2000’lerde bir ayınma bir kendinden utanma belirdi. Can sıkıcı bir şekilde sözlüklerden atasözlerinden çok bilinen sık kullanılan deyimleri ayıklamaya, ayıklamakla kalmayıp kıvıra çevire “doğru konuş(*)” yapmaya başladı bir kesim. Kültürel erozyon biz 80’lerde eğitim almış son nesil de ölünce tamamlanacak anladığım kadarıyla.
Tamam günümüzde tatsız tuzsuz gelebilir ama bu bir zamanlar genel kabul görmüş kullanılmış atasözü ve deyimler. Değiştiremezsin.
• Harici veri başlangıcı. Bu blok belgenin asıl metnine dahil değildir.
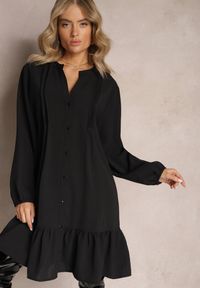 Renee - Czarna Koszulowa Sukienka Mini Galdra. Kolor: czarny. Wzór: aplikacja. Typ sukienki: koszulowe. Długość: mini #5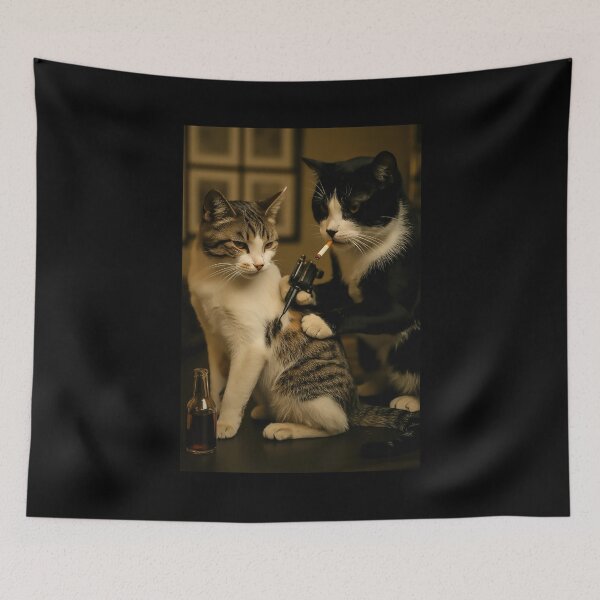 Item preview, Vintage Cat Smoking Tattoo Meme designed and sold by suhairee-studio.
Kullanılmadıkça silinir gider, elleme. Değiştirme. Kendi küçük aklınla düzeltme.
Mesela “Eşek hoşaftan ne anlar?” deyimi. efenim hoşaf değilmiş hoş lafmış aslındaymış mış mış. O deyimin devamı var “Eşek hoşaftan ne anlar? suyunu içer tanesini bırakır” Yani saçmalamayın.
Mesela “baldız baldan tatlıdır” aa olur muyumuş baldız değil daldızmış ooo. daldız da arıcılıkta kullanılırmış, bala batırılırmışmış. o yüzden tatlıymışmış. bala batan şey baldan tatlı olmaz, bu bir kıyas/benzetme değil.
Hadi onu yutturdun, “bayram değil seyran değil, eniştem beni niye öptü” de mi daldız?
Eskiden deyim olmuş kalmış çirkin laflar bunlar. Mutlaka arkasında belli hikayeler var. Artık ileri gidelim bunlar da unutulsun. Tamam.